I didn't grow up in a family of surfers. My dad surfed when he was a teenager. Apparently he surfed quite well, but he gave it up. Now I think about it, I've never asked him why he gave it up, so that should be a conversation I aim to have in the near future. My mum spent loads of time on the beach throughout her life, but never really took to the waves.  My sisters and I grew up next to the beach but none of us took it up when we were young either. My youngest sister did for a while, but she never really committed. And this was despite spending hours of our lives out at the Maddog surf factory, where my mum worked in the office! We were around the beach and surfing all my childhood, but for some reason, it never caught any of us in its grasp. Too much ballet I suppose.

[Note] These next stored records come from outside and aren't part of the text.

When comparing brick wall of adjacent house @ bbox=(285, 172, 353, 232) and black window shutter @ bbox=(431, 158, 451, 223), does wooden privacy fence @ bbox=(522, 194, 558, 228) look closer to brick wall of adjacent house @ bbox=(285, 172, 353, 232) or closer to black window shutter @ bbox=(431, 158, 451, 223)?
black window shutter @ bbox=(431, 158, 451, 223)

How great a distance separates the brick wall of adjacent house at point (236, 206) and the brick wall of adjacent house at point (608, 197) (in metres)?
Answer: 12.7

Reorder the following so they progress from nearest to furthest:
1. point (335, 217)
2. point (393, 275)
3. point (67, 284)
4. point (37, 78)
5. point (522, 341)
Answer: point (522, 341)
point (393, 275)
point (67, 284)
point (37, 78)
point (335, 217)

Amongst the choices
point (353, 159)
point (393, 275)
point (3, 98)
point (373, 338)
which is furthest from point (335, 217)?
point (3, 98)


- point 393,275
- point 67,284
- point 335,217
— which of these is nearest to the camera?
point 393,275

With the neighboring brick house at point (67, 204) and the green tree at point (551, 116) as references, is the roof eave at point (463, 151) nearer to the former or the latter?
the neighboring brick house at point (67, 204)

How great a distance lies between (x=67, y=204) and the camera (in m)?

It took me until my mid-20s before I felt any interest in taking to the waves, which I then did with enthusiastic gusto! But surfing has remained my own, and it has never been an experience I've shared with my family. I am often rushing from the sea to make it home in time for family dinners or for christmas morning (always on christmas morning!). They, like my other non-surfing friends - make room for my surfing, but other than dad giving me a surf report, its not something they share with me.
That is changing as my niece and nephew grow. They love the sea, and have no fear in the waves. My niece would have me help her into 'epic' waves all day if she could!

I have a sort of surfing family of my own now. I have friends in Byron and beyond who share wave riding with me - Izzy, Ryan, Brett, Em, Isaac, Erin, Leroy, Jules, and many more - but it's not the same as growing up with the people you share your home and history with. It's not the same as having been pushed into waves by your parents, as fighting over boards with your siblings. I grew up in a noisy family of three ballet girls who practised together, shared costumes and leotards, watched each others exams, criticised each other and choreographed collaborative dances in the backyard, so I know how that stuff would roll.

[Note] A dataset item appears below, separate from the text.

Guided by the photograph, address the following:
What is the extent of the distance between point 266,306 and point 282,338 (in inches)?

Image taken by the lovely Yoko over at Slideaholics.

But I've been lucky enough to have been adopted into another family - The Atkins family - who can often be found arriving in their VW convoy to surf together. In the mornings the girls are free, texts fly back and forth as they check breaks around the area deciding where to go. Rachel and Jess grew up surfing with their dad and are very at home in the waves. Their ocean knowledge is amazing, and their courage, skill and technique in the surf always impresses me. I've learned a lot from them. Al Atkins, their dad, is nothing but amazing and he is always a standout in the surf break. He gets so many waves and he always rides them with style and confidence, which reflects his years of surfing for fun and competition. Many of you might know Al, and those of you who don't should probably look him up. He is generous with his knowledge, so if you are lucky enough to have him impart a bit of advice, make sure you listen! Our conversations have taught me history, given me tips, picked me up, shared waves, and (along with Erin) have introduced me to the mighty Geelong Cats!

The Atkins family are the kind of people who you know will be surfing forever. I mean, I know I'll still be finding them out in the water at Wategos for as long as I care to check. Not because its cool or trendy, not only because they love it so much, but because it is an inextricable part of their family history and relationships.